P(first card is ace) = 4/52
P(second card isn't an ace) = 48/51
P(third card isn't an ace) = 47/50
P(fourth card isn't an ace) = 46/49
P(fifth card isn't an ace) = 45/48
C(5,1) = ways to pick the position of the chosen ace = 5
5 * 4/52 * 48/51 * 47/50 * 46/49 * 45/48
= 3243/10829
≈ 29.9%

Or you could use combinations.
There are C(4,1) ways to pick the suit of the ace in the 5 cards drawn.
There are C(48,4) ways to pick the cards for the non-aces.
There are C(52,5) ways to pick *any* five cards.

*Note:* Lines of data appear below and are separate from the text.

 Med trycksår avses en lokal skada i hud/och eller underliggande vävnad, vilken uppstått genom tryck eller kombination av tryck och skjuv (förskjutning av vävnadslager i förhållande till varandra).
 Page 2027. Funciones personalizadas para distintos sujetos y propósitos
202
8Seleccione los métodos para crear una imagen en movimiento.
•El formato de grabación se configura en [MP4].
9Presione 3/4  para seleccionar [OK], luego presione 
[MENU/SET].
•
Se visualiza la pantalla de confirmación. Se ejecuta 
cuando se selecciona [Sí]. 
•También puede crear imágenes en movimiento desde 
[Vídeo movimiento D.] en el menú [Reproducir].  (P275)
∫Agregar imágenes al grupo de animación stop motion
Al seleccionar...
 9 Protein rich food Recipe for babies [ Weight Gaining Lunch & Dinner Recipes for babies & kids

C(4,1) * C(48,4) / C(52,5)
= 3243/10829
≈ 29.9%

P.S. If you are looking for the probability of *at least* one ace, then it's even easier. Calculate the opposite case of drawing *no aces* and then subtract from 1. --> 1 - (48/52 * 47/51 * 46/50 * 45/49 * 44/48)

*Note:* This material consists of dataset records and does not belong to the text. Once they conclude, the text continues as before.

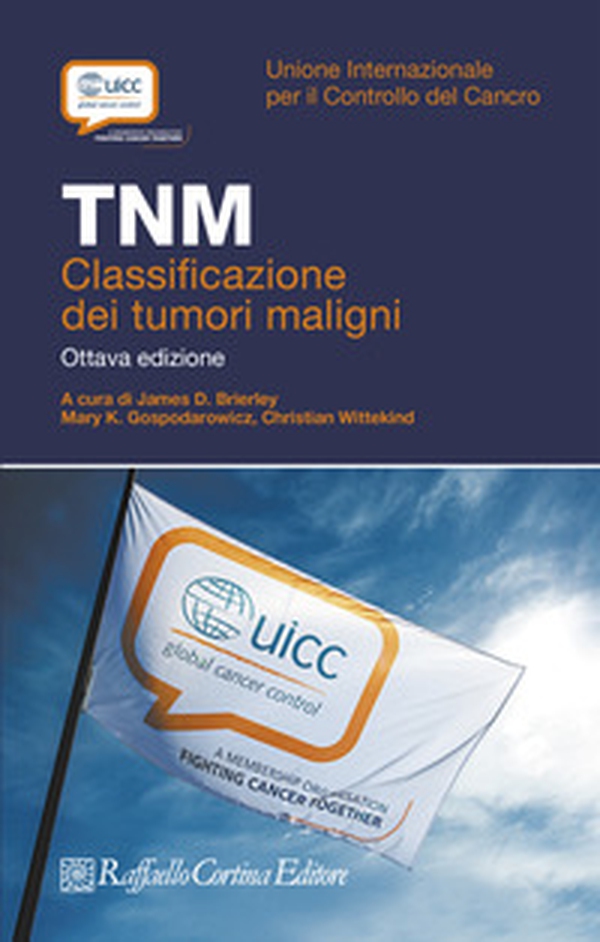 TNM. Classificazione dei tumori maligni - Librerie.coop TNM. Classificazione dei tumori maligni - Librerie.coop
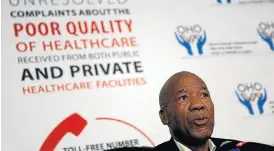  ?? /Sandile Ndlovu ?? Officials named: Health Ombudsman Malegapuru Makgoba releases a damning report about 94 mentally ill state patients who died while in the care of unlicensed organisati­ons.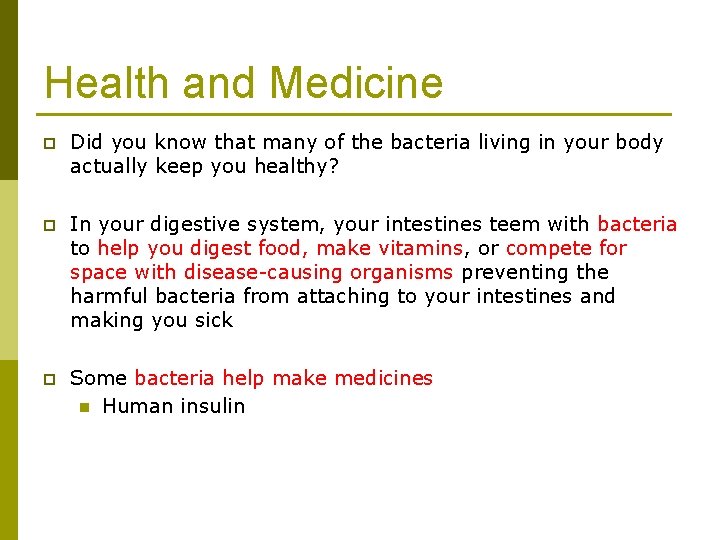 Health and Medicine p Did you know that many of the bacteria living in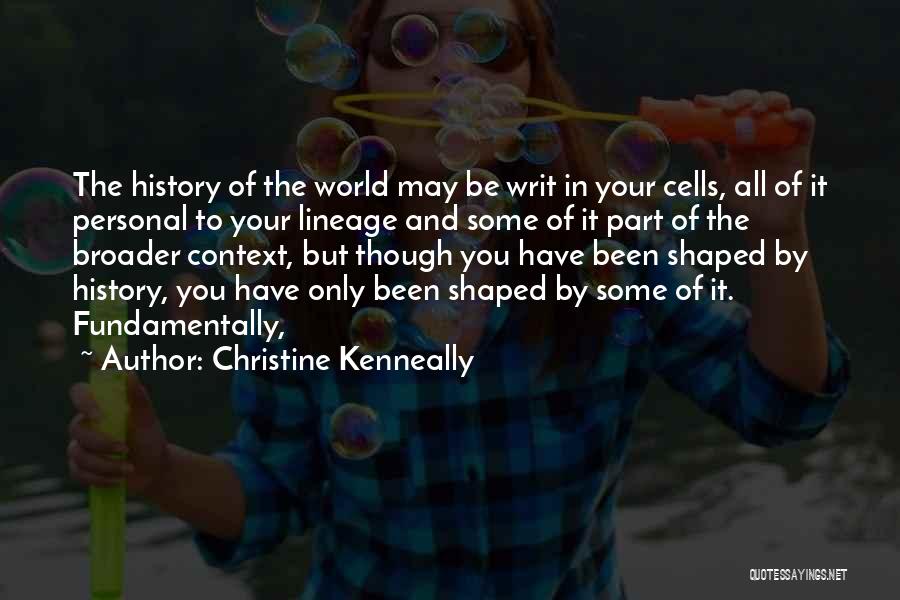 Christine Kenneally Quotes: The History Of The World May Be Writ In Your Cells, All Of It Personal To Your Lineage And Some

Do you mean "at least one ace" or "just one ace" (in the five cards drawn)?
What "arrangement" do you mean? Of the deck before drawing? Of the five drawn cards?
Is each card replaced before drawing the next?

Assuming the draw is random, you don't need to take into account the arrangement. You DO need to take into account whether or not the draws are with replacement. Once you draw the first card, do you put it back? Or leave it out?

(1) With replacement, i.e. putting the card back each time:

The draws are independent, meaning each draw of an ace doesn't affect the probability of the next draw being an ace. The odds of an ace on each draw is 4/52 (4 aces out of 52 cards), which reduces to 1/13.

The odds of drawing an ace five times with replacement would be
1/13 * 1/13 * 1/13 * 1/13 * 1/13, or 1/(13^5), or 1 / 371,293.

(2) Without replacement, i.e. taking each card and leaving it out...the odds are zero. You don't even need to do the math.

How do we know? Because there are only 4 aces! Once you have drawn 4, there is no fifth ace you can draw.